Saturday, April 28, 2007

Who is at the wheel?

Imagine you're on a roadtrip with three other people. On the highway, you're sitting in the backseat of the car, reading a magazine. The guy in the front passenger seat is trying to find something good on the radio. The guy sitting next to you in the backseat has dozed off.

While engrossed in your magazine -- maybe a copy of The Realist or The National Daily Conservative Review -- the car you're riding in is involved in a collision: you don't see the details of the accident as they unfold, your senses are simply jarred by the crunch of the fibreglass sheathing the styrafoam bumper; the hood buckling; the awful sudden stop, the sound of breaking glass. And all you know is that you've dropped your magazine, your collarbone is sore where the seatbelt locked against you; there's a cloud of powder from the exploded airbags floating in the car.

Miraculously, no one in your car is hurt.

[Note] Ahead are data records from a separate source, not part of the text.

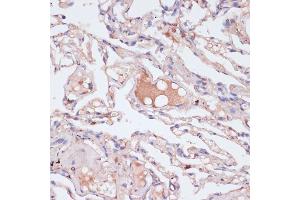 Immunohistochemistry of paraffin-embedded human lung using IFNG antibody (ABIN6128080, ABIN6142195, ABIN6142196 and ABIN6216082) at dilution of 1:100 (40x lens). (Interferon gamma antibody  (AA 24-166))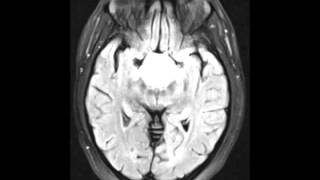 Adamantinomatous Craniopharyngioma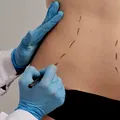 De ce „slăbirea” burții prin liposucție poate schimba proporțiile corpului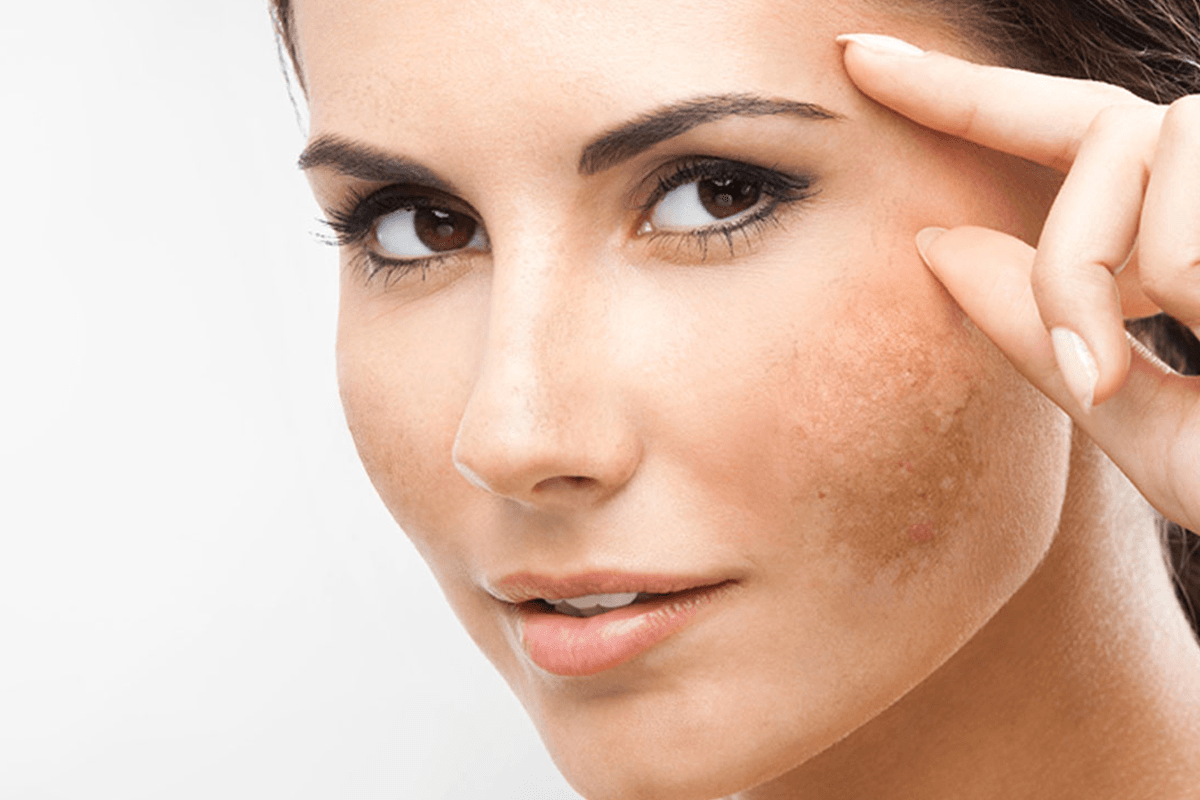 melasma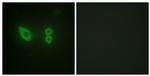 alpha Actinin 2/3 Antibody in Immunocytochemistry (ICC/IF)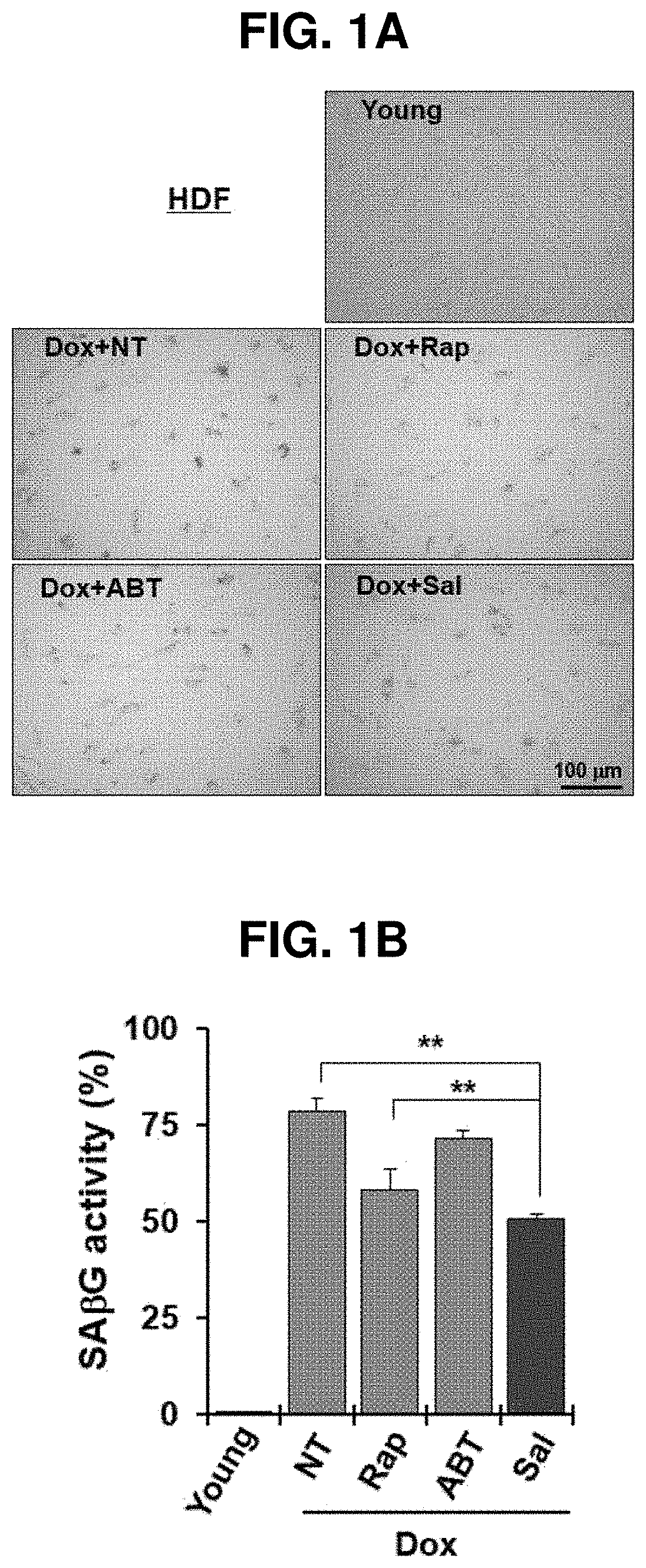 Composition for preventing or treating cellular senescence-related diseases comprising salinomycin as effective component
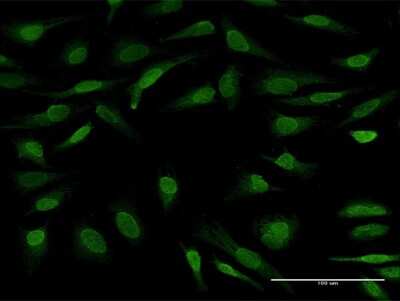 Immunocytochemistry/ Immunofluorescence: UBL7 Antibody [H00084993-B01P]
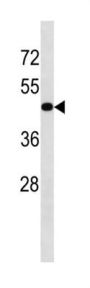 Transforming Growth Factor Beta Receptor 1 (TGFBR1) Antibody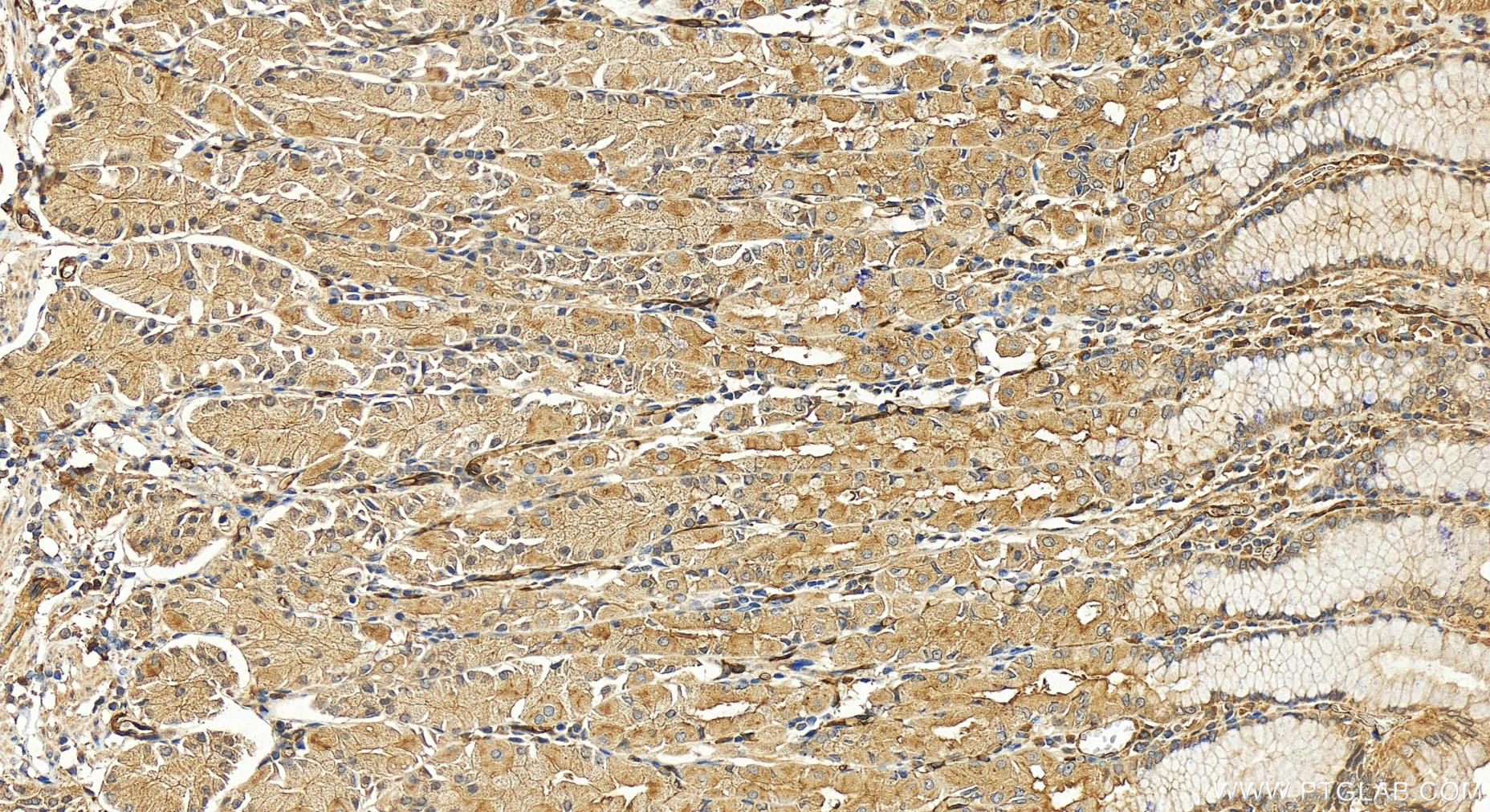 Immunohistochemistry (IHC) staining of human stomach tissue using EHD4 Polyclonal antibody (11382-2-AP)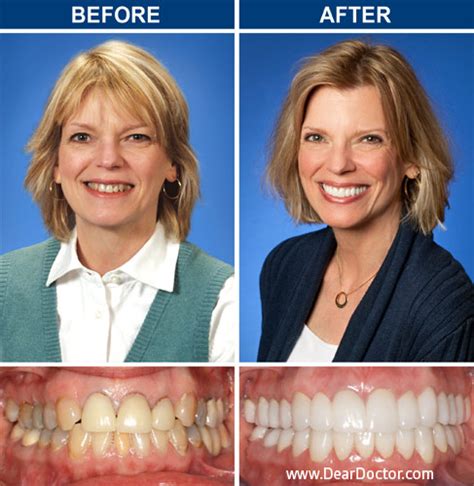 Dear Doctor Magazine Unveils Latest Results Of The Ultimate Smile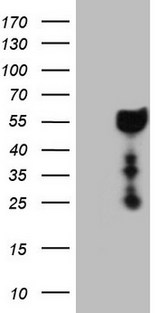 DMRT1 Antibody - HEK293T cells were transfected with the pCMV6-ENTRY control. (Left lane) or pCMV6-ENTRY DMRT1. (Right lane) cDNA for 48 hrs and lysed. Equivalent amounts of cell lysates. (5 ug per lane) were separated by SDS-PAGE and immunoblotted with anti-DMRT1. (1:2000)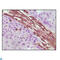 Vimentin antibody, LS-C814258, Lifespan Biosciences, Immunohistochemistry paraffin image 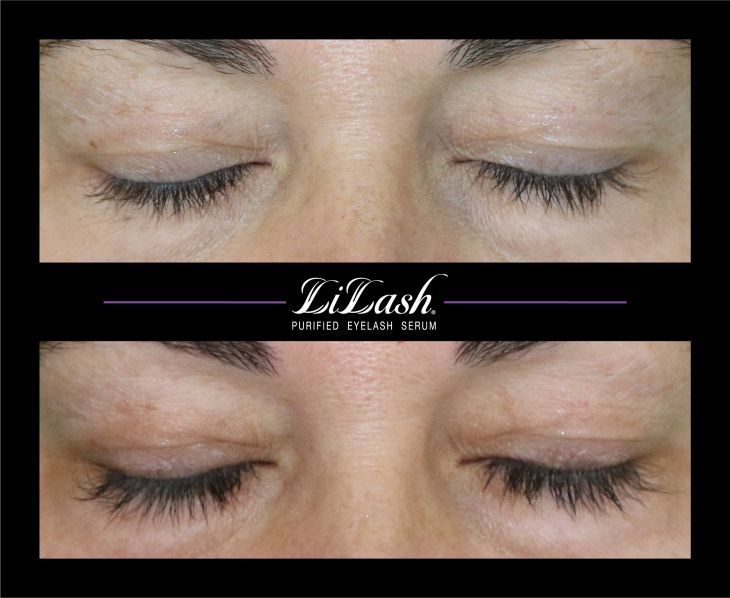 LiLash Purified Eyelash Serum - before and after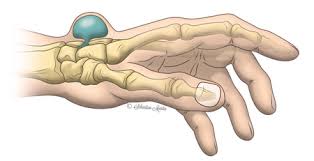 Traumatologie du poignet Cabinet orthopédique à Royan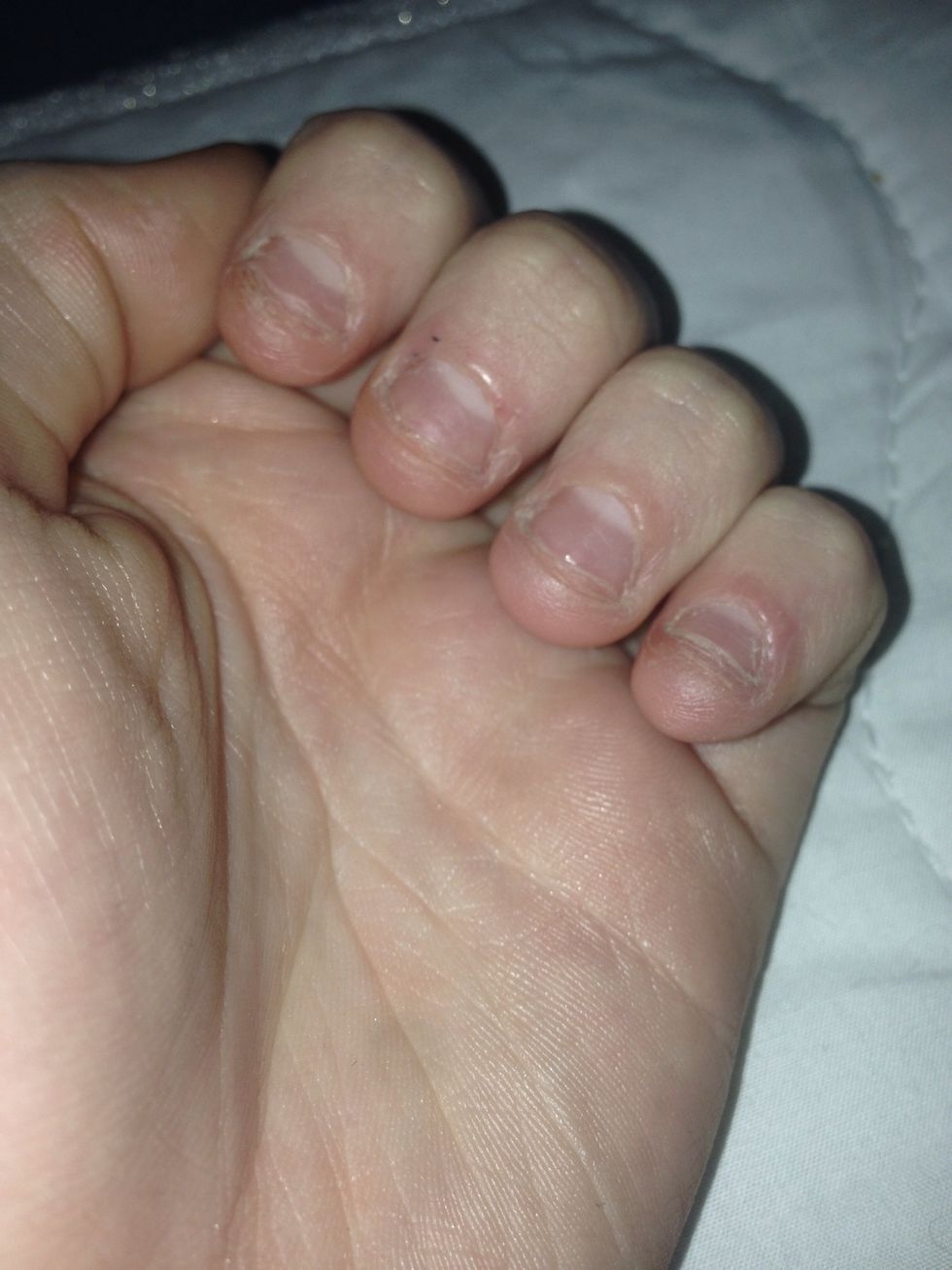 It's gotten really bad guys.... I wanna take scissors and slice off the nails now... I've done that before. But I won't. Gonna try again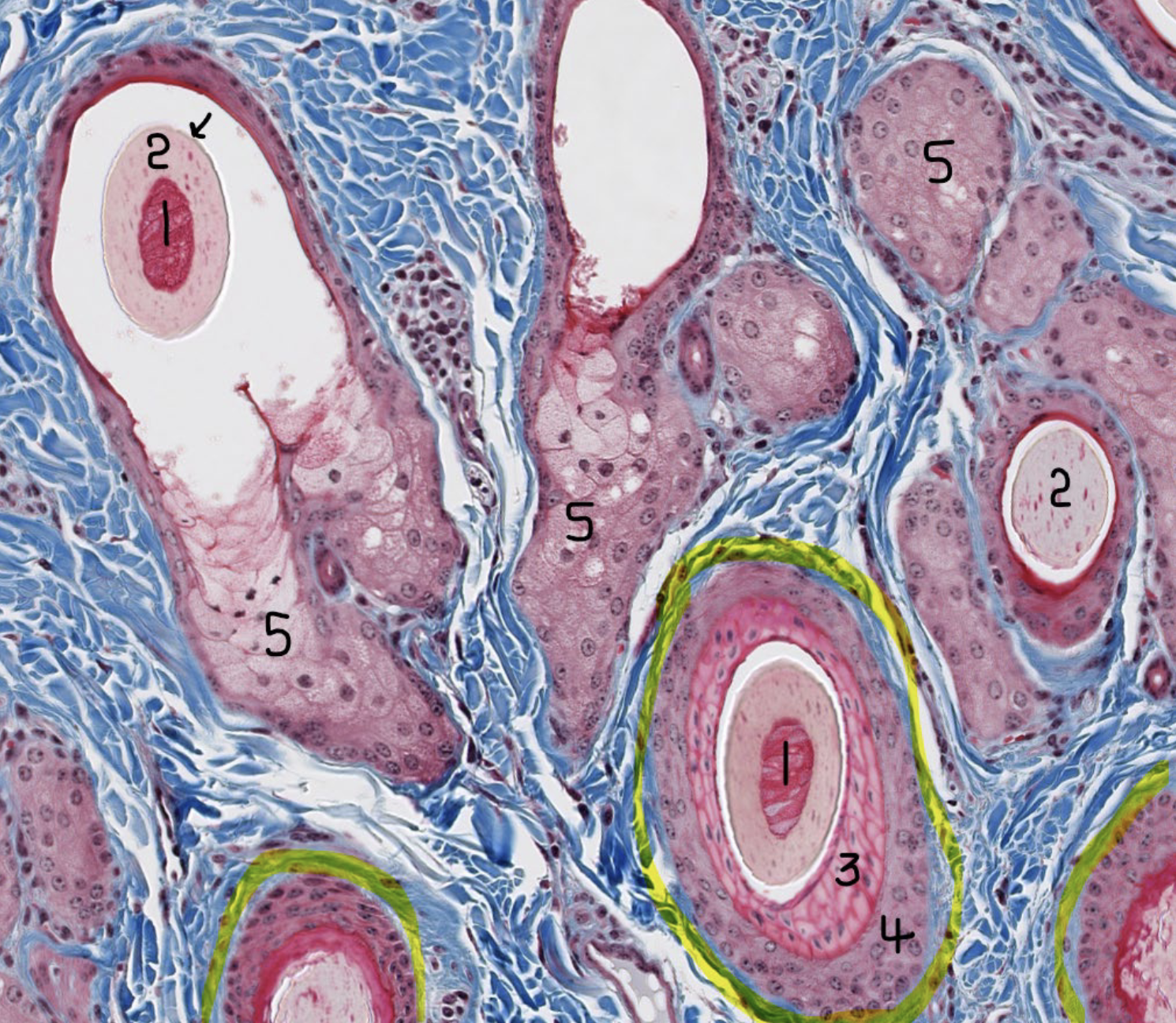 <p>Image of haired skin, what is 3?</p>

For the sake of this analogy, let's jump ahead of all the insurance rigermarole, police, and all those inconveniences, to the resumption of your roadtrip: You've got a new rental car and you and your group are ready to hit the highway again. . .

. . . but the guy who was driving when the accident occurred refuses to relinquish the car keys. He insists on continuing to drive.

Before the roadtrip began, you and your car-mates drew straws and the guy who was driving when the accident occurred had been the winner and asserts that this gives him the right to continue.

"But you got us in that accident," one of the other guys says, "so that nullifies you winning the straw-draw."

"Yeah," another guy says, "Whether it was your fault or not, I don't trust you at the wheel."

To which the driver responds, "It's because I was driving when the accident happened that I should continue driving. Had one of you been at the wheel, the accident would have been much worse!"

And here is where we are at with American politics during the long, long run-up to the 2008 presidential election.

We have former NYC mayer, Rudy Giulliani, claiming that because he was at the helm of New York when the September 11, 2001 attacks occurred, that he is somehow more qualified to protect the country than any other candidate. This is the same specious logic that George W. Bush used for the 2004 election. It made no sense then, it makes no sense now, and yet these candidates are not only putting forth this ridiculous argument, some people actually agree with it.

There is no question that America, and the world in general, is much less safe since George W. Bush took hold of the White House in 2000. His wrong-headed war in Iraq, Guantanamo Bay, Abu Ghraib, America's consistent flouting of international law, America's lust for torture, are the greatest recruitment tools any enemy of America could hope for to help with rounding up fresh crazies. On a more concrete level, having people in power who stretch the country's military to (and beyond) its breaking point, spread painfully, dangerously thin around the world -- so much so that when America needs its own resources (think: Hurricane Katrina), those resources are missing or sorely lacking -- that strengthens and emboldens "Das Enemy." Pursuing foreign policy goals that make the rest of the free world think the U.S. is crazy is dangerous for America.

I heard Giulliani on the Sean Inanity radio program the other afternoon slinging these un-truisms like an Alabama short-order cook slings hash. And Inanity ate it up, of course.

No, keeping the guy at the wheel who was driving when you crashed in the first place is a bad idea. Talk is cheap, but it's cheap talk that leads to lost lives. Ask those 700,000 dead Iraqi civilians about that.

Oh, right, you can't . . . because they're dead.